ACTION ITEM:
In the copy, include every entry exactly but none of the images.

AVAILABLE DATA:

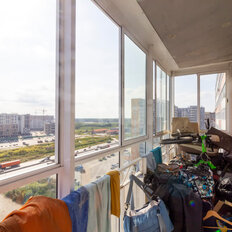 Квартира 34,4 м², студия - изображение 3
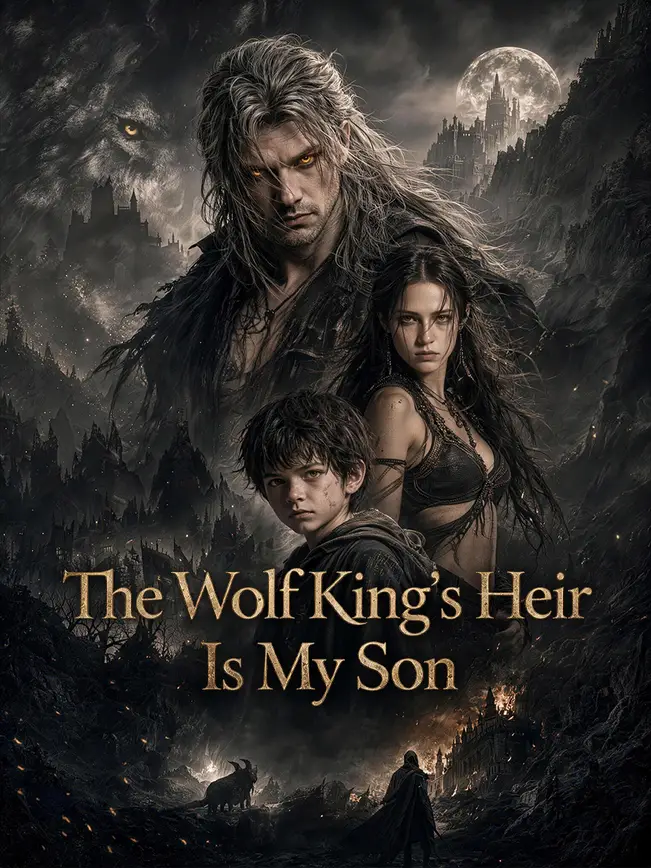 The Wolf King’s Heir Is My Son poster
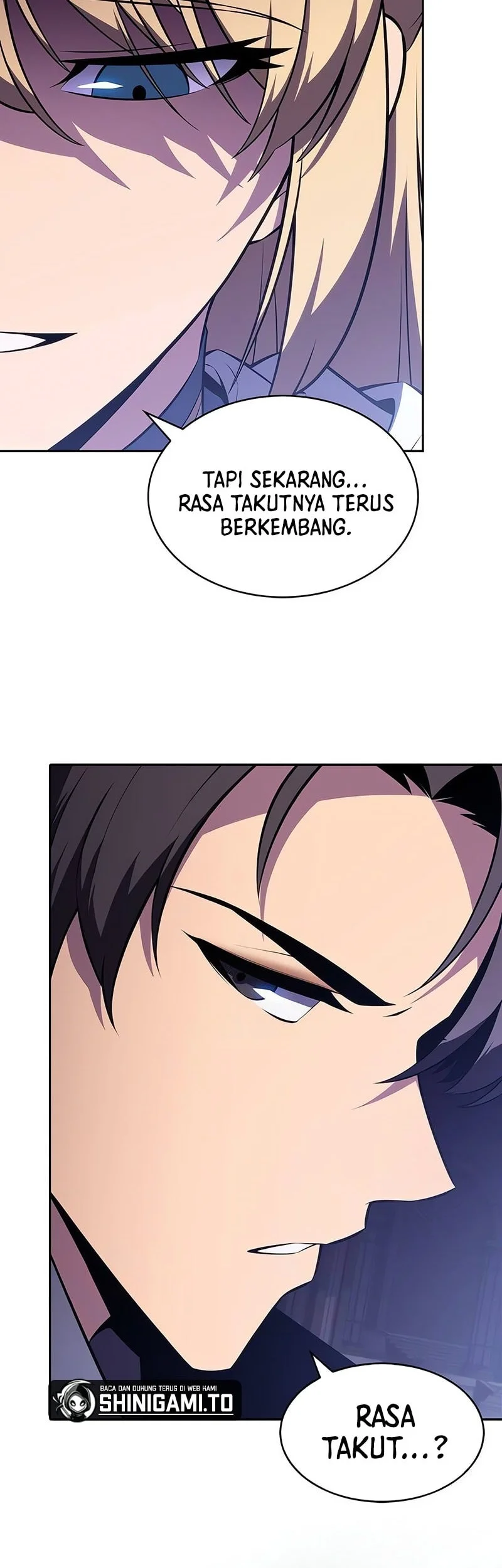 Solo Max-Level Newbie Chapter 232 Gambar 16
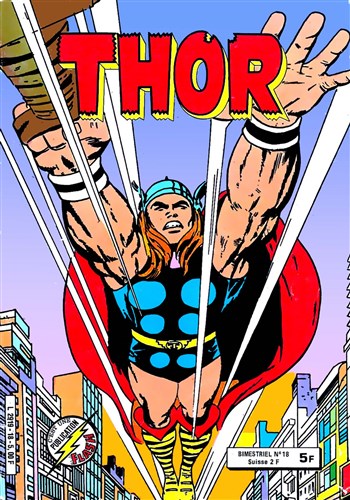 Thor - Pocket NB nº18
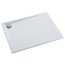 Schedpol Libra White Stone Brodzik prostokątny 80x100 cm biały 3SP.L1P-80100/B/ST - zdjęcie 1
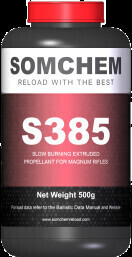 SOMCHEM S385 SMOKELESS PROPELLANT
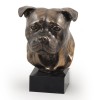 Staffordshire Bull Terrier - figurine (bronze) - 304 - 3017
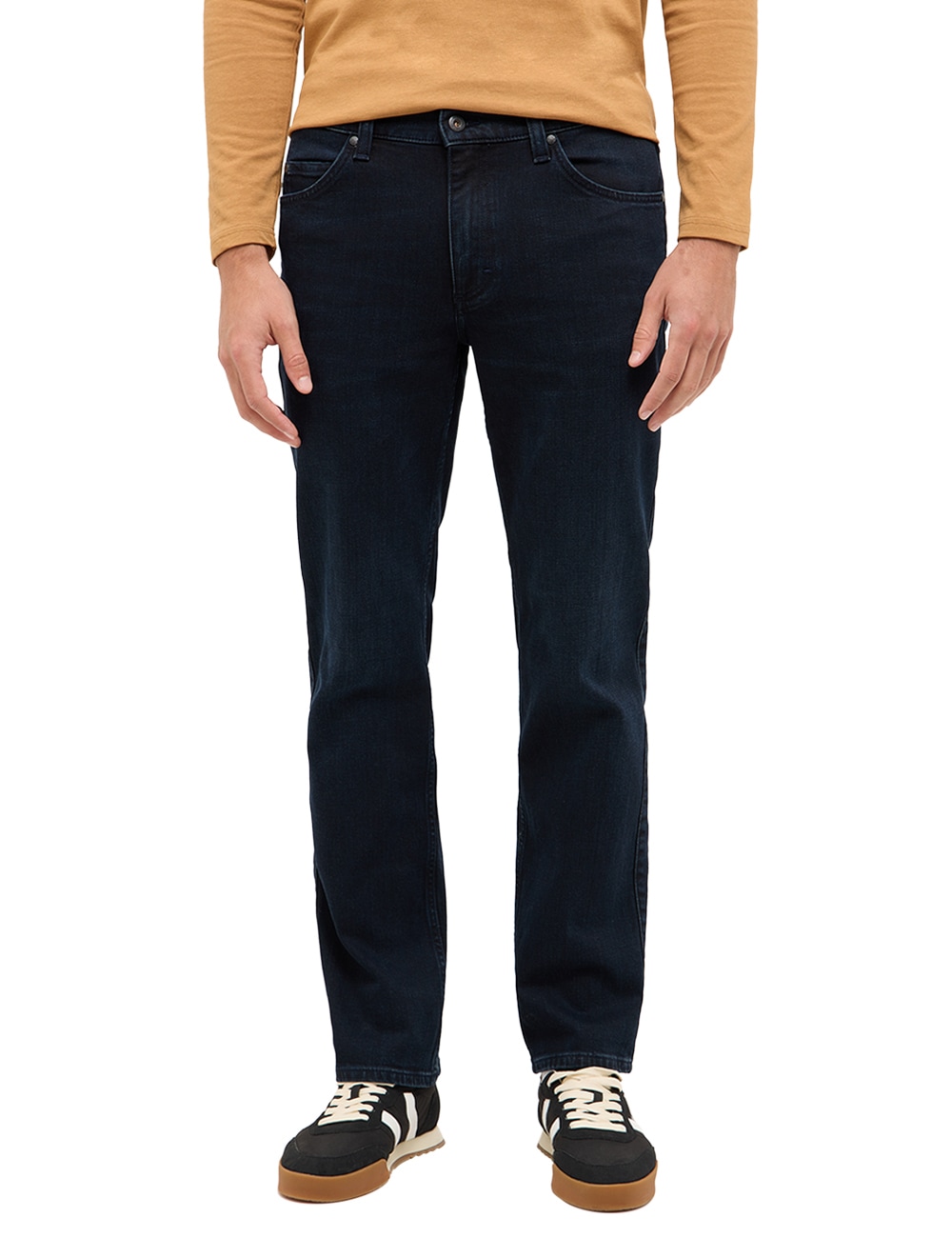 MUSTANG Straight-Jeans "Herren Style Tramper Straight"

ANSWER TO THE EXERCISE:
 Квартира 34,4 м², студия - изображение 3
 The Wolf King’s Heir Is My Son poster
 Solo Max-Level Newbie Chapter 232 Gambar 16
 Thor - Pocket NB nº18
 Schedpol Libra White Stone Brodzik prostokątny 80x100 cm biały 3SP.L1P-80100/B/ST - zdjęcie 1
 SOMCHEM S385 SMOKELESS PROPELLANT
 Staffordshire Bull Terrier - figurine (bronze) - 304 - 3017
 MUSTANG Straight-Jeans "Herren Style Tramper Straight"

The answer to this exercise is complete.